There is exactly zero use of this kind of math afterwards - you have engineers who have a hard time approximating (and were taught to not do it because it is not sufficiently precise) or economics students who do not understand the statistics they were force fed.
I hire quite a lot of these and the general feeling is that the school does not matter anymore (the other obsession in France: the Grandes Ecoles - top schools which are supposed to give birth to geniuses) and that the people who did things on their own are way way more interesting for companies than the ones who have a specific diploma.
Just so this does not sound like whining: I myself graduated from such a top school so I am shiitng my own bed somehow.
Finally, a lot of the science taught at school is just boring.
Take the first year of "specialized" physics (2nd year of high school). Exactly everything in the curriculum is made boring or nonsensical. You teach students what are electronics layers (s1, 2s, 2p, ...) but when they ask about details the answer is "nah, you will understand this in your 2nd year of university".
How come someone did not decide to teach mechanics?? This is not only something everyone can relate to, but also perfectly fits with the math curriculum and allows for very interesting and advanced exercises. No - better tell them "Schrodinger equation" and move forward.
I am really mad against this: not only it pushes away young people from science (boring, difficult, ...) but also avoid teaching the important things everyday people will encounter: what a kWh is on their electricity bill, how compound interest works, ... But hey, they will know that the 2p layer follows the 2s one and that homothety is an endormorphism.
The reforms I was referring to are the ones pushing sciences even further away for a good portion of the kids with the earlier specialties.
> I hire quite a lot of these and the general feeling is that the school does not matter anymore
I feel like it's still a good proxy to identify people who are going to have a more mature approach to their field earlier on.

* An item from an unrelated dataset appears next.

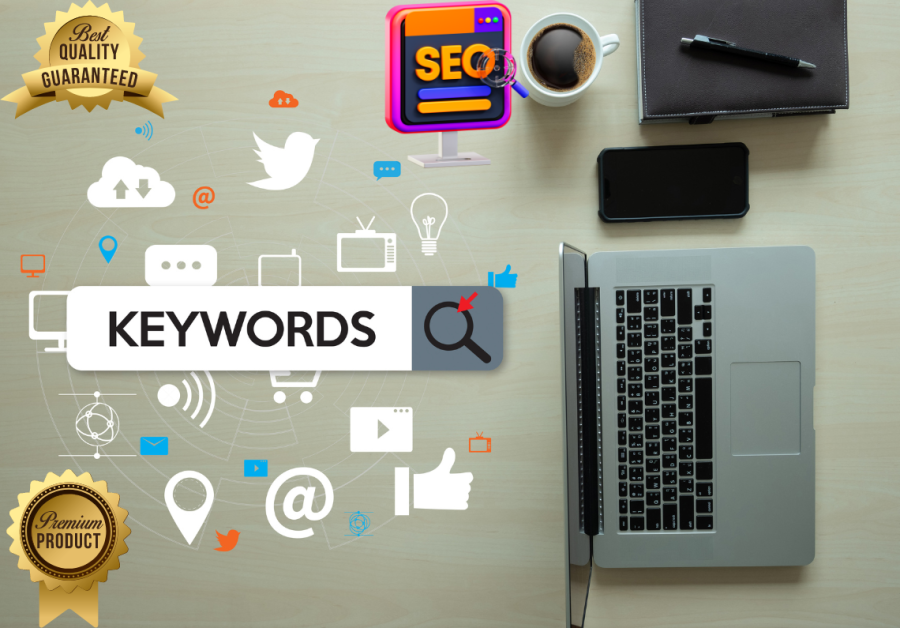 I Will Do The 50 Best SEO Keyword Research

But nothing can replace passion I guess.
I was not enthusiastic when my son decided to go there but it turns out that the school, still being full of itself, has changed and the class was great.
It obviously follows the general curriculum but it is outdated compared to what is expected from young graduates. I mentioned the math obsession (and its rigidity, honestly just reading the book makes me yawn - while analysis (calculus) is wonderful in practice), but there is also philosophy which is honestly a scam.
It could be a great opportunity to help people think, but they decided to make it something everyone hates, where the marks depend on the alignment of the planets and where the very last thing that is expected is your own opinion. They want the opinion of others, in a strictly rigid structure.
I love my country but the people who manage the curriculum should be fired on the spot and replaced by the ones who have gone outside the ministry to the real world.
We will never be competitive otherwise.
My second language was python. But I just wanted to make cool games, and Python’s graphics were too low-level and verbose (compared to Scratch at least where you get a canvas with 0 code), so I wrote much more in Scratch until later on (my third language was Objective-C and a big part of that was Interface Builder, so I also had “graphics-for-free” there more or less)
I hated Scratch. I saw it as childish and simplistic. I wanted to play with the big boy stuff.
Scratch shields you from learning how data is represented even more than Python, and at that age all I wanted to do was make video games. My first "wow" moment was learning how Scratch platformers changed the "offset" to bring objects into view but didn't actually move my characters left and right.